もちろん小松菜育ちのマナツ
鳥専門系の動物病院で受診された文鳥の飼い主さんは、そこの獣医さんに「青菜は与えないで下さい」と言われ、その理由として、「アブラナ科の野菜は甲状腺異常を起こす」との説明を受け、さらに、必要なビタミンは青菜でなく、ビタミンのサプリメント摂るべきで、「食べる喜びを与える」ためなら、レタスを与えるように、アドバイスされたそうだ。
私、文鳥飼育歴長い。今の文鳥たちの初代から数えても17年ほどで(その前も家には文鳥がずっといる)、奇跡的に14代続いている。現在、親子孫曾孫曾曾孫玄孫・・・20数羽飼育しており、毎朝アブラナ科の野菜である小松菜を菜さしに詰めて与え、昨今の天候不順による小松菜価格の高騰に心痛している。・・・つまり、その獣医さんの言説には、「喧嘩売ってるのか!」とならざるを得ない。

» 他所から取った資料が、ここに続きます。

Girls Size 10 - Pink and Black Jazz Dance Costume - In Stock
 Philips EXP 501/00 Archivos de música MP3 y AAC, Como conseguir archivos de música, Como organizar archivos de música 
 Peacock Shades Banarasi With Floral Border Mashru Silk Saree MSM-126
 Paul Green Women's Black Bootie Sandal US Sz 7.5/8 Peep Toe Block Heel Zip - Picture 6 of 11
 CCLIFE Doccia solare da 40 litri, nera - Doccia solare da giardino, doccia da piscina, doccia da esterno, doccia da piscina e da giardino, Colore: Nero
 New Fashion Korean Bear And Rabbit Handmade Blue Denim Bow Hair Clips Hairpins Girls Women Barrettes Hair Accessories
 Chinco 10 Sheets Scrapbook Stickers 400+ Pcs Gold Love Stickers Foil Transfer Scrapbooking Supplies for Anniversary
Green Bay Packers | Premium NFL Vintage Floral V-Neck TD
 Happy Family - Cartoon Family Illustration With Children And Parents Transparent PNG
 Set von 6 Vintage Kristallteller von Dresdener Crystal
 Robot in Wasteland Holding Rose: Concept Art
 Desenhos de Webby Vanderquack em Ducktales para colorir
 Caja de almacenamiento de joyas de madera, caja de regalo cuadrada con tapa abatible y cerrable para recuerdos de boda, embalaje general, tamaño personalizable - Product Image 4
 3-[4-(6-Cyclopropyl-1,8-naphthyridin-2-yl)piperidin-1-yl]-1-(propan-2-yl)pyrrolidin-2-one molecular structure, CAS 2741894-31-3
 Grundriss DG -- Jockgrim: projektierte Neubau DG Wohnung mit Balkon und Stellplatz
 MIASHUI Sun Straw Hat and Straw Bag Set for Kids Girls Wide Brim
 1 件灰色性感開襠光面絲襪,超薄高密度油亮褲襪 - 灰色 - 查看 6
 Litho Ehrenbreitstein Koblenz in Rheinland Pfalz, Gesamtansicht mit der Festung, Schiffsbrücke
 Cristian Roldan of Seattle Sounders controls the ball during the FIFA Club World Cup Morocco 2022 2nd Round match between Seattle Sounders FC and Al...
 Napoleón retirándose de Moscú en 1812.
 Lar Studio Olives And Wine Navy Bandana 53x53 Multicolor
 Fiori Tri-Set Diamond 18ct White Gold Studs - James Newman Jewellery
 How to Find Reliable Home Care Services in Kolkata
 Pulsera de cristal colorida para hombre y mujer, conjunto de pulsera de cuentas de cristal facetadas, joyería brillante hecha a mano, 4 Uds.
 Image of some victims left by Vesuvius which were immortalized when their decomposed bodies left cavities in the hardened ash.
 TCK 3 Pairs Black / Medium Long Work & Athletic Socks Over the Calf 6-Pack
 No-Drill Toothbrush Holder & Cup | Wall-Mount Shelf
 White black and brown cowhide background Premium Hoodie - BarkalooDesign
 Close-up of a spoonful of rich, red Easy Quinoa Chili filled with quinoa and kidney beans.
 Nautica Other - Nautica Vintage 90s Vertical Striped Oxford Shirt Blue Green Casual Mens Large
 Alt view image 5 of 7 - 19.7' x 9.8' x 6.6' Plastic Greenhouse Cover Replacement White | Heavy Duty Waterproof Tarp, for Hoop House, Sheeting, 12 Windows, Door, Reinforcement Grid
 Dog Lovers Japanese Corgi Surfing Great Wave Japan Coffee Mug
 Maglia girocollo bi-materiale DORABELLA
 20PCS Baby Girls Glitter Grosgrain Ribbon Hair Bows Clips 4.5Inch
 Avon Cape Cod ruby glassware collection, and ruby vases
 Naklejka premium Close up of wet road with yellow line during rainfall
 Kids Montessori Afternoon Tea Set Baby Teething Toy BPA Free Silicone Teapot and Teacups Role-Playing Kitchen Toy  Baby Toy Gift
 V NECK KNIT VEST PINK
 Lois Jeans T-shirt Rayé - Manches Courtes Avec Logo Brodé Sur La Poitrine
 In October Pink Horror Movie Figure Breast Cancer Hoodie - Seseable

獣医さんの中には、昔から、診療室という密室では、かなり珍妙な自説を患者の飼い主に押し付けてしまうケースがあるので、無批判に真に受けないで欲しいと願う。そこで、勝手に喧嘩を買い、批判させてもらう。
1、ゴイトロゲンという物質は、甲状腺にヨウ素が取り込まれるのを阻害する性質があるため、摂取しすぎると甲状腺のヨウ素が欠乏し甲状腺腫などの障害を起こす。
2、ゴイトロゲンを比較的に多く含む食品の一つに、アブラナ科の植物が挙げられる。
3、小鳥の飼料として多く用いられる小松菜もアブラナ科の植物だ。
なるほど、これらの事実だけを念頭に置くなら、その獣医さんの説に行き着くかもしれない。しかし、それは、あまりに現実を無視し、科学的な根拠の無い、粗雑な結論ではあるまいか。
そもそも、アブラナ科の食品に含まれるのは、ゴイトロゲンそのものではなく、それに変質するグルコシノレートという物質のようだが、その含有量は同じアブラナ科でもいろいろで、ひとくくりにするのは乱暴だ。また、その影響も生物種によって全く異なるはずであり、実験的裏付けもないままに、個別の生物種の飼育に危険性を指摘すれば、まるで科学的論拠(エビデンス)を持たない浮説となってしまう。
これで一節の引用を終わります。